Si le gouvernement cherche à mobiliser l'épargne privée, c'est aussi parce que l'effort budgétaire à fournir s'avère considérable. Selon les prévisions, 50 milliards d'euros sont déjà prévus dans le budget 2025, avant même de comptabiliser les dépenses militaires supplémentaires.

Pour atteindre l'objectif d'un déficit public inférieur à 3% du PIB en 2029, Éric Lombard estime que l'effort annuel devra être "de l'ordre de 40 milliards d'euros par an entre les dépenses et les recettes". Un chiffre déjà imposant, mais qui pourrait être sous-estimé.
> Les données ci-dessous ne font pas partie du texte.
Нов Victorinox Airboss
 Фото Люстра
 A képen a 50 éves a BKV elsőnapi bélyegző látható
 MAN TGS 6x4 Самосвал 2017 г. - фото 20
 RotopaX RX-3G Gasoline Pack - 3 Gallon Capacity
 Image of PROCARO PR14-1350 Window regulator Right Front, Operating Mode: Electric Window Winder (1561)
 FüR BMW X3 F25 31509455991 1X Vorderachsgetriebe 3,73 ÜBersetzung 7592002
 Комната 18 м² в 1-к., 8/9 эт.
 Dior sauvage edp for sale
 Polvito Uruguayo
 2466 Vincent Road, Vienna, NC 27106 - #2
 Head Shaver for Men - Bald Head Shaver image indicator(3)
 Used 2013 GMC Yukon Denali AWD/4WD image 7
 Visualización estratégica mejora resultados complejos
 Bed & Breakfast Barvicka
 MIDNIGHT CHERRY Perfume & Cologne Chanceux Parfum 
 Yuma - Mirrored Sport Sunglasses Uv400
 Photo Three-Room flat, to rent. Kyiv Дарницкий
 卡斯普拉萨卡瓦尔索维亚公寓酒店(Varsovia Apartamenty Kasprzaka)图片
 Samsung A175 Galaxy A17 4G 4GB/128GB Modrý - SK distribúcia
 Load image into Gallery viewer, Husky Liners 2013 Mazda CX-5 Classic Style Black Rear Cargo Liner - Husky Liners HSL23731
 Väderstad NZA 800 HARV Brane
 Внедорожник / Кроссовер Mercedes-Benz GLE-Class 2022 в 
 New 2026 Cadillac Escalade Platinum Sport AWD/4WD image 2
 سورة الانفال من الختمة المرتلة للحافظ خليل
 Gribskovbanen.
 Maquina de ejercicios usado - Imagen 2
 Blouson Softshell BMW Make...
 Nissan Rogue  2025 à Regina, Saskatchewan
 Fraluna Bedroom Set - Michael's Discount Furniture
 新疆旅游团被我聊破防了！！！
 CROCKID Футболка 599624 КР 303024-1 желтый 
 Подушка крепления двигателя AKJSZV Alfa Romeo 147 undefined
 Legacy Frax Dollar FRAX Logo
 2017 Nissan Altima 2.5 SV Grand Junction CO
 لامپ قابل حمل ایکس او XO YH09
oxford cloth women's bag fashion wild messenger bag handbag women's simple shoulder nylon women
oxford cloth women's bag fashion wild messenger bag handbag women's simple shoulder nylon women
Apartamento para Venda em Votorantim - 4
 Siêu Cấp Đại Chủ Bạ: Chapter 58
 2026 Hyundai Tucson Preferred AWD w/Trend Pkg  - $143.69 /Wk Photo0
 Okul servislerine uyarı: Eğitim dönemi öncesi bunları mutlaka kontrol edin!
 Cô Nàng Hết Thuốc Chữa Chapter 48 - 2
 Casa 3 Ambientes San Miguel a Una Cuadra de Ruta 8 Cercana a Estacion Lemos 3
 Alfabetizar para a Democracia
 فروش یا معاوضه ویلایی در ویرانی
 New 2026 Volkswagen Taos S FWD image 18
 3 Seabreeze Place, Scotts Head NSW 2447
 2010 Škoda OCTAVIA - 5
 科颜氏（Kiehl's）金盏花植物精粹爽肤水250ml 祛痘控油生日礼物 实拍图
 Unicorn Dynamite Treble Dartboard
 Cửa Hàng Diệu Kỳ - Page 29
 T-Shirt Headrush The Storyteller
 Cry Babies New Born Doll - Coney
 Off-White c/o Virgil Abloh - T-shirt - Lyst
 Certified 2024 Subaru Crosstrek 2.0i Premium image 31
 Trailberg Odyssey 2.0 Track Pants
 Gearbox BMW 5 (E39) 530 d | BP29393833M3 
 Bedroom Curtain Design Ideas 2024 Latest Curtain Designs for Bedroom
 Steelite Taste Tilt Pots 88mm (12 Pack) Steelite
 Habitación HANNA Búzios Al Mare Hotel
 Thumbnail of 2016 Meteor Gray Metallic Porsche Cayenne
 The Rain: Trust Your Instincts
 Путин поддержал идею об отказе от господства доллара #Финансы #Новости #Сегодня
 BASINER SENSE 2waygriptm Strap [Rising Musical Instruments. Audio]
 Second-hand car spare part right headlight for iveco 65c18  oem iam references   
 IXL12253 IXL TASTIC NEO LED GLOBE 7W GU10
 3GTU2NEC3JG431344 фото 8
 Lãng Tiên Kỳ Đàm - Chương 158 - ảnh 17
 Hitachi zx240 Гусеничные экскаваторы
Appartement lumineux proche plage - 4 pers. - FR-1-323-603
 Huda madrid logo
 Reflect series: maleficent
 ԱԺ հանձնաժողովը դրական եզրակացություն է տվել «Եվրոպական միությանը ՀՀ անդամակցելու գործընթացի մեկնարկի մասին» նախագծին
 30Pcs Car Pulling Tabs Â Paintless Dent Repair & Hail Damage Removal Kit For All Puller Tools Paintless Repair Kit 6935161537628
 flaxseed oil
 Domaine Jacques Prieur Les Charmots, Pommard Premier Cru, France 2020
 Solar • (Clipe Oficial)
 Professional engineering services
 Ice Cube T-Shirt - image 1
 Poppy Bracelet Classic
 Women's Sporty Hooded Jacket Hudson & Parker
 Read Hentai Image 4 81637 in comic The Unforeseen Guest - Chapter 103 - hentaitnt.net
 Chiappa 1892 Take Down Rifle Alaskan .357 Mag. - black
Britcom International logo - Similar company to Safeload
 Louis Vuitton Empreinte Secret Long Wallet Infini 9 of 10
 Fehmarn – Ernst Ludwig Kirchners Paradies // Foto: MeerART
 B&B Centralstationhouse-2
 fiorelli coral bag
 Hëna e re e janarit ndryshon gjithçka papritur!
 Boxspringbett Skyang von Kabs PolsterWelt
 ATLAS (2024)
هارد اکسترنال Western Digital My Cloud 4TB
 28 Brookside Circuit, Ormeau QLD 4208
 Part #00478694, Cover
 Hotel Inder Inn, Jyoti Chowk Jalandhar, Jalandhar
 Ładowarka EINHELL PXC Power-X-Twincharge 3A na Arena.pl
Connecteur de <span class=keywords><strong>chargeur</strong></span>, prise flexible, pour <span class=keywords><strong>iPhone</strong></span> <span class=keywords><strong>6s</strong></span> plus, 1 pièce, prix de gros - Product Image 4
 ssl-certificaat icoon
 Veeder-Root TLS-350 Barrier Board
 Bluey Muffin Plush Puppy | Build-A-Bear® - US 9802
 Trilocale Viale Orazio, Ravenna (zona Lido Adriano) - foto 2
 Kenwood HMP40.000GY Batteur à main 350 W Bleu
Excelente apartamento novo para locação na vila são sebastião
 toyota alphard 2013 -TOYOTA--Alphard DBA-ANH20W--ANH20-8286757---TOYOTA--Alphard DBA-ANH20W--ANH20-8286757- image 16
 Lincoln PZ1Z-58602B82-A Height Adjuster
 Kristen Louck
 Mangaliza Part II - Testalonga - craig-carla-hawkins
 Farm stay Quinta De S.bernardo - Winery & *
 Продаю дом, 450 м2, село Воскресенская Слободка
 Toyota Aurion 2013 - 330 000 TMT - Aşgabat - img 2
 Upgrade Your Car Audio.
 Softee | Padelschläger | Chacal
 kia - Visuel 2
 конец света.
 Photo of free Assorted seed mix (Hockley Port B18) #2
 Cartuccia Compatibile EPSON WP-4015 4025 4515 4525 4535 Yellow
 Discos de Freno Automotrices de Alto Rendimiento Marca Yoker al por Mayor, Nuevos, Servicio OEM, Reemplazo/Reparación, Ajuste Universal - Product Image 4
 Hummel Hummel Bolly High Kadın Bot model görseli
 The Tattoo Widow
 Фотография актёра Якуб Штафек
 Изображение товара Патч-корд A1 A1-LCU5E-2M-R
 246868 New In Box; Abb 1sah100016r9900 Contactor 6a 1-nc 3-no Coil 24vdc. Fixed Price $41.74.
En effet, une note de la Direction générale du Trésor datée de fin février et citée par plusieurs médias évalue l'effort total nécessaire à 100 milliards d'euros d'ici 2029, dont 35 milliards dès 2026. Des montants colossaux qui expliquent pourquoi le gouvernement cherche à diversifier ses sources de financement.

Pour 2025, la situation budgétaire apparaît déjà tendue. Le même document du Trésor estime que l'objectif d'un déficit à 5,4% est exposé à "un risque haussier" et nécessite de documenter 5 milliards d'économies supplémentaires via des "efforts en gestion" en cours d'année. Par ailleurs, les rentrées fiscales pourraient se révéler plus faibles qu'anticipé, générant "un risque estimé à environ 5 milliards".

Face à ces contraintes, la ministre des Comptes publics, Amélie de Montchalin, a reconnu l'ampleur du défi : 

Il faut que le budget qui a été voté soit bien le budget exécuté et qu'on réduise ces aléas.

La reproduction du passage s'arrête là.